So this is very weird. The beam process is still around, but everything 
in the shutdown appears to have succeeded.

By the time "Halting Erlang VM" appears in the logs RabbitMQ is 
completely stopped, that log message is literally the last thing we do 
before telling the VM to stop.

>   Could the problem be the inet_gethost process? Unfortunately I've seen
> dns problems in our networks, so that could be a problem, but that
> should not hang the shutdown.

No, it really shouldn't.

The beam process has already unregistered from epmd (hence "rabbit seems 
not to be running at all" in the status command above).

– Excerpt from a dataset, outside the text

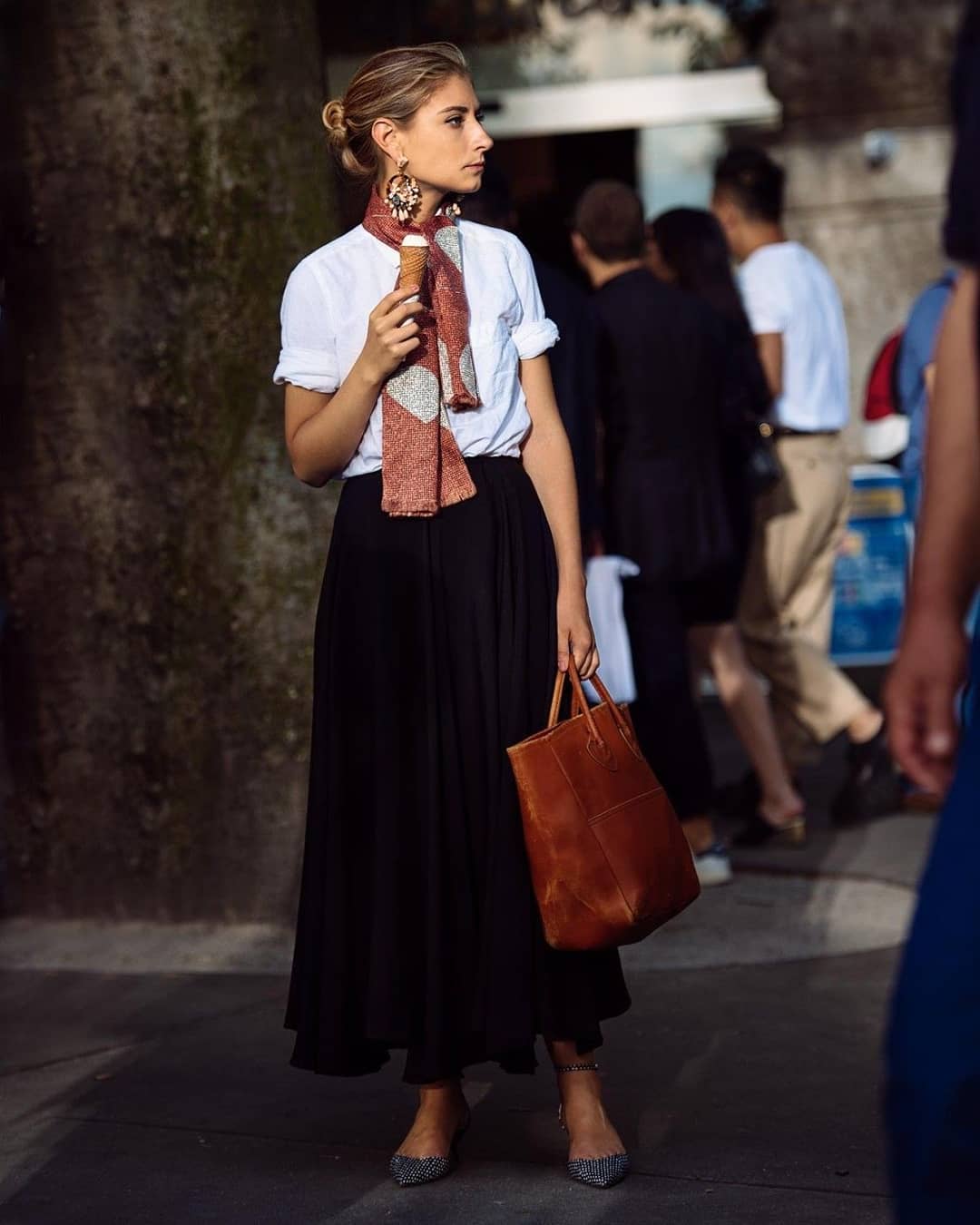 Jenny Walton: falda larga. Las faldas hasta el tobillo no son tan fáciles de llevar: pueden llegar a ser o demasiado llamativas o bastante circunspectas. Esta combinación de falda negra con camiseta blanca (el detalle de la manga arremangada es definitivo) es sencillamente perfecta. Y el contraste del bolso y el pañuelo anudado, también.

>   The running rabbit processes and their open files are here:
>
> http://pastebin.com/mLKf5mEu

And it seems to have few files open, and to have closed all network sockets.

>   Any ideas? How can I debug this?
>   Specific questions?

I am not full of ideas here, this looks like more of an issue with 
Erlang than RabbitMQ. But some things to look into:

The beam process (2236 in your case) is the interesting one; it's the 
thing that should have shut down but hasn't; everything else is pretty 
much as expected. Unfortunately although it's an Erlang process it has 
stopped listening for Erlang distribution messages so debugging it is 
likely to be hard. Having said that, strace might give some clue as to 
what it's doing, and the small bright side is that so much within that 
process has already shut down that *anything* it is still doing is a 
good candidate for what's making it stuck.

So what does strace say for it?

>   Thank you for your help, I hope these hangups could get eliminated.

I would hope so. We don't have much to go on though.

Cheers, Simon

-- 
Simon MacMullen
RabbitMQ, Pivotal